Keywords

1 Introduction

Today, electronic digital signatures (EDS) are a common technology for data integrity protection. Some of its mechanisms (hash functions) are very widely used in cryptocurrency generation systems. The presence of several different EDS schemes using different hash functions in application systems makes it necessary to assess the level of security of data that is protected using EDS. Many publications have studied the problem of crypto resistance or the probability of breaking various elements of EDS [1,2,3,4,5,6,7]. We can single out the study of the probability of collisions of the first or second kind in the generated values of hash functions [3,4,5,6]. To facilitate the assessment of the detection of collisions (the appearance of two identical values of hash functions) often use the paradox of birthdays [7, 8].

2 Steps of EDS Elements Reliability Evaluation

2.1 Estimation of the Probability of Break of EDS Elements

In some countries, including Canada, South Africa, the United States of America, Algeria, Turkey, India, Brazil, Indonesia, Mexico, Saudi Arabia, Uruguay, Switzerland, Chile, Russia, Ukraine, and the European Union, electronic signatures have legal significance. Therefore, the assessment of the probability of break of the EDS elements is of great practical importance.

At present, the stability of almost all modern EDS standards is based on the complexity of solving the problem of discrete logarithm in a group of points of elliptic curves [9]. Moreover, the standards for obtaining the main element of information security in EDS-hash functions are very similar. For example, now any EDS scheme must define at least three functional algorithms, in particular, the algorithm for generating a key pair for the signature and its verification, the signature algorithm, the signature verification algorithm.

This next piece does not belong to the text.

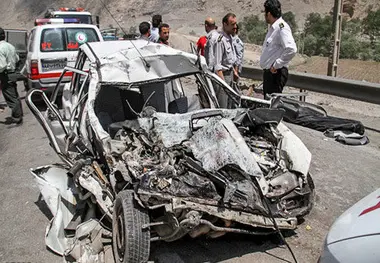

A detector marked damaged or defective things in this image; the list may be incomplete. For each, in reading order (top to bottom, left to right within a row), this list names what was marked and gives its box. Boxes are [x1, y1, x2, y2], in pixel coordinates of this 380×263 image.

severely damaged car [25, 41, 314, 263]
crumpled white vehicle [26, 39, 314, 263]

Consider the EDS standards of Ukraine, Russia, and the United States of America. At present, the text of the specification DSTU 4145–2002 for the EDS algorithm exists in the form of a corresponding document [10, 11]. This algorithm is based on elliptic curves over the field F (2) (non-supersingular curves). The standard uses curves in polynomial and optimal normal bases. Moreover, the curves in the polynomial basis can be of the second and third types. The basis for the development of this standard is the international standard IEEE 1363a. DSTU 4145–2002 is authentic compared to IEEE 1363a, due to the use of its own hashing function. The interstate standard GOST R 34.311–95 (formerly GOST 28,147–89 in the mode of imitation insert) is used as an algorithm of the hash function. In the United States of America, there is a regulatory document FIPS 202 which describes the requirements for the hashing algorithm in EDS systems, whereas a hashing function it is recommended to use “SHA-3 Standard: Permutation-Based Hash and Extendable-Output Functions” [12].

If we compare the state standards for EDS algorithms in countries where there are legal requirements for algorithms and functions in EDS schemes, then, for example, in Ukraine, Russia and the United States of America, they are similar but differ only in some numerical parameters and details of key pair generation, calculation mechanism, and signature verification. Specifically, these three algorithms are variants of the El Gamal scheme [13].

Therefore, taking into account the similarity of the mathematical apparatus of cryptocurrencies when finding the basic in cryptographic algorithms EDS, it is possible to extrapolate the obtained values of estimates of the probability of breaking hash functions in EDS to the above schemes. Thus, in comparison with the existing methods considered in the [7,8,9, 12], the described approach allows us to support the possibility of using the existing mathematical apparatus for systems with an EDS.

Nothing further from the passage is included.